WORK REQUIRED: Return the listing below unchanged, but without pictures.

***

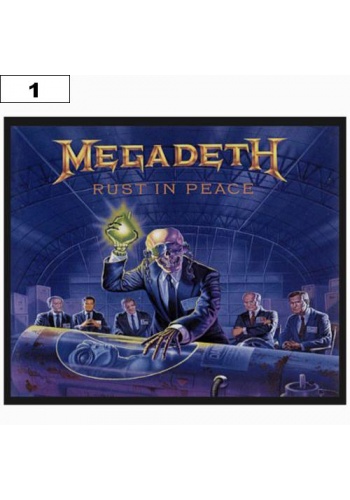 Naszywka MEGADETH Rust in Peace (01)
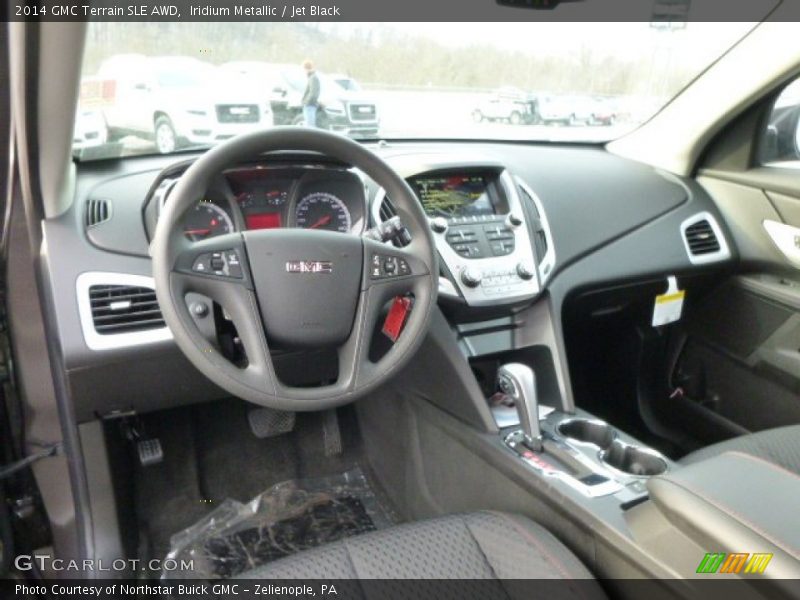 Iridium Metallic / Jet Black 2014 GMC Terrain SLE AWD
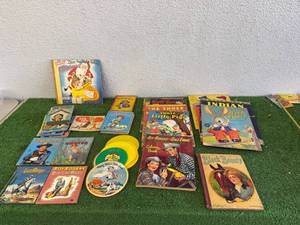 Vintage Childrens Books & Records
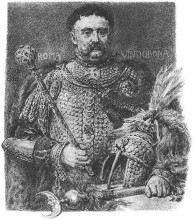 Копия картины "jan sobieski, portraited in a parade scale armour" художника "матейко ян"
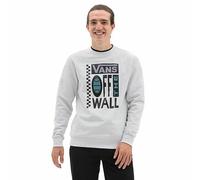 Felpa senza Cappuccio Uomo Vans Global Bianco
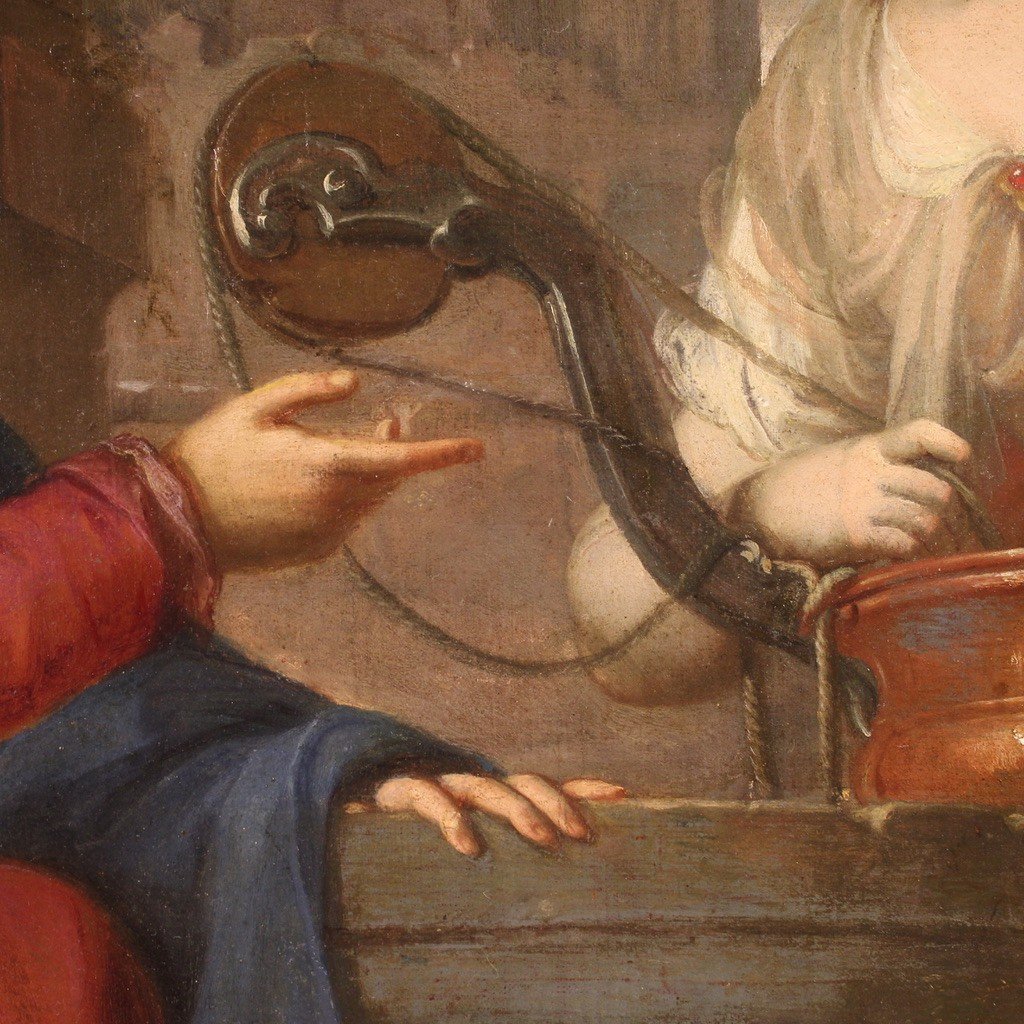 Scuola italiana del XVII secolo, Gesù e la Samaritana al pozzo-photo-2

***

RESPONSE AREA:
 Naszywka MEGADETH Rust in Peace (01)
 Iridium Metallic / Jet Black 2014 GMC Terrain SLE AWD
 Vintage Childrens Books & Records
 Копия картины "jan sobieski, portraited in a parade scale armour" художника "матейко ян"
 Felpa senza Cappuccio Uomo Vans Global Bianco
 Scuola italiana del XVII secolo, Gesù e la Samaritana al pozzo-photo-2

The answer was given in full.